ASSIGNMENT: Print all the data below exactly, without images.

DATASET EXCERPT Start Marker

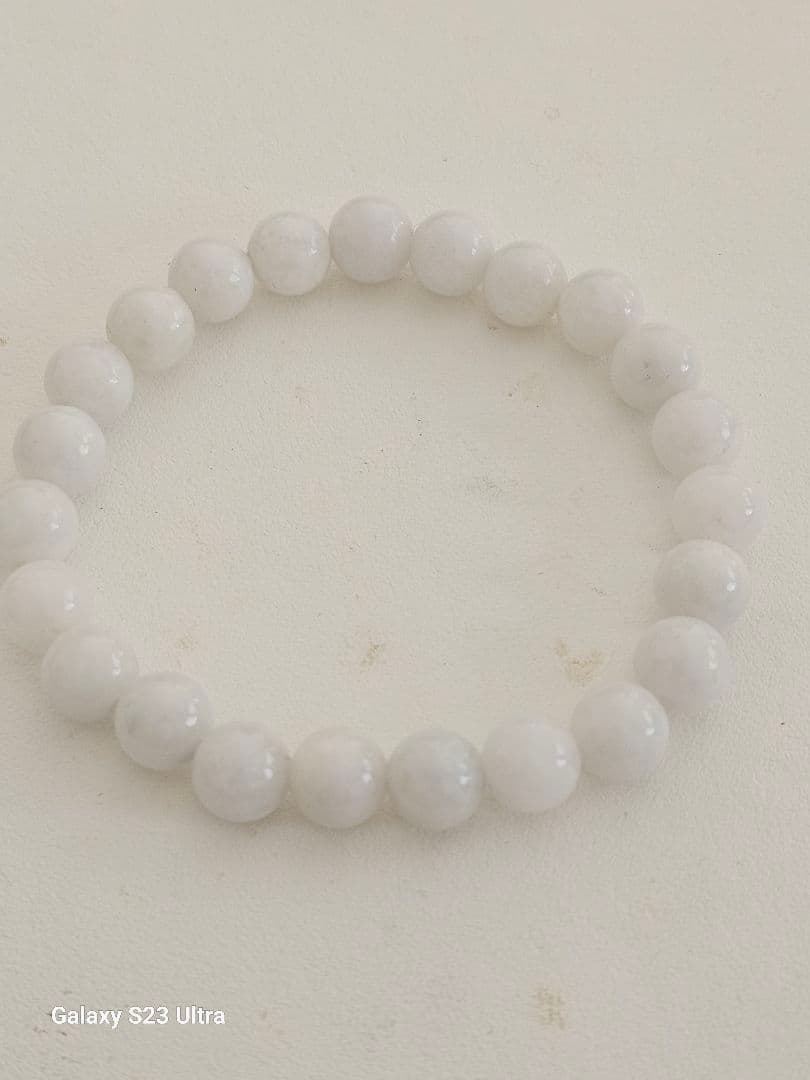 糸魚川翡翠氷種８mm２３玉ブレスレット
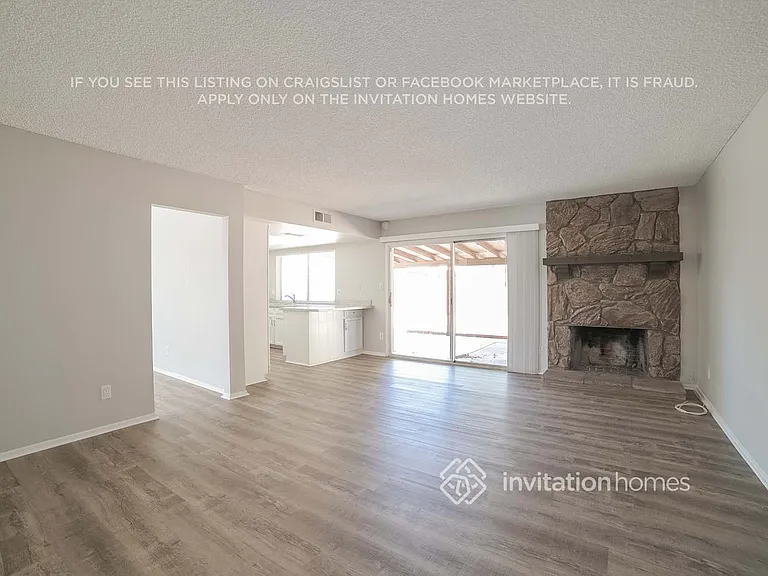 2902 W Sandra Ter — Photo 5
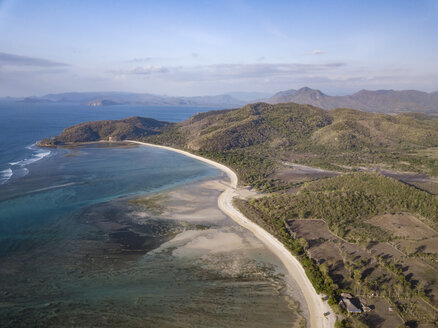 Indonesien, West Sumbawa, Luftaufnahme von Jelengah Strand, Scar Riff Surfstrand - KNTF02430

DATASET EXCERPT End Marker

ANSWER BELOW:
 糸魚川翡翠氷種８mm２３玉ブレスレット
 2902 W Sandra Ter — Photo 5
 Indonesien, West Sumbawa, Luftaufnahme von Jelengah Strand, Scar Riff Surfstrand - KNTF02430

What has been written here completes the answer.